Michael Ziesenis: Über diese Frage habe ich tatsächlich heute Morgen schon nachgedacht und bin zu dem Schluss gekommen, dass ich jede Spielzeit eine Lieblingsoper habe. Diese Spielzeit war das ganz eindeutig La Juive. Diese Produktion hat mich umgehauen. Die Musik, die Inszenierung, die Sänger*innen, da hat alles gestimmt. Abgesehen davon noch Der Barbier von Sevilla. Aber eine richtige Lieblingsoper habe ich nicht.

 

Wir haben eben schon kurz über die Coronakrise gesprochen. Haben Sie sich online Vorstellungen angeschaut während der Quarantäne?

 

Michael Ziesenis: Ich habe im Fernsehen eine Inszenierung der Zauberflöte gesehen und Carmen an der Staatsoper Berlin.
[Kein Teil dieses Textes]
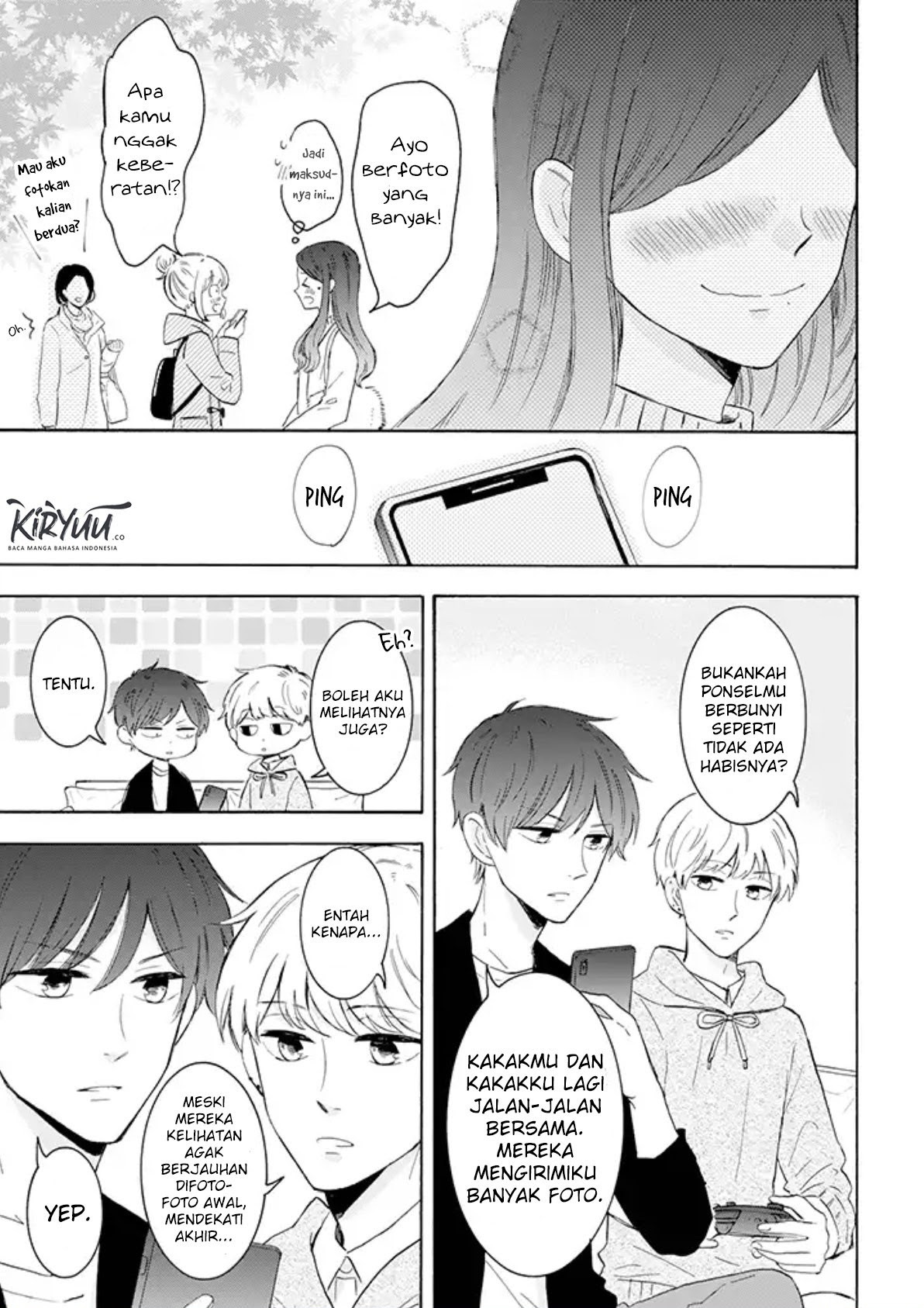 Tsun-Ama na Kareshi Chapter 25 Gambar 4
Außerdem habe ich den Online Spielplan der Staatsoper Hannover verfolgt. Mir gefällt die Idee mit den Balkonkonzerten sehr gut, bei denen das Theater kleine, unangekündigte Konzerte in verschiedenen Stadtteilen gibt. Es ist gerade sicher ganz besonders wichtig, Präsenz zu zeigen, vor allem analog. Es gibt ja sehr viele Online Angebote, aber vor einem Bildschirm zu sitzen, kann einen Theaterabend nicht ersetzen. Es ist Konserve und die Atmosphäre und die Akustik fehlt. Aber natürlich kann man momentan keine Massen auf die Bühne stellen. Chor, Solist*innen und Orchester in einem geschlossenen Raum und dazu das Publikum. Zwar wäre es möglich, die Menschen mit Sicherheitsabstand über den Raum verteilen, aber das ist für die Auftretenden sicherlich auch frustrierend, wenn sie für einen fast leeren Raum singen. Und das größte Problem ist natürlich diese Ungewissheit, dass man nicht weiß, ob und wann man wieder spielen kann. Ich freue mich aber auf die Vorstellungen in Herrenhausen und hoffe, dann bald wieder das Opernhaus durch den Vordereingang betreten zu können.

 

Das Interview wurde von Joelle Lieser geführt.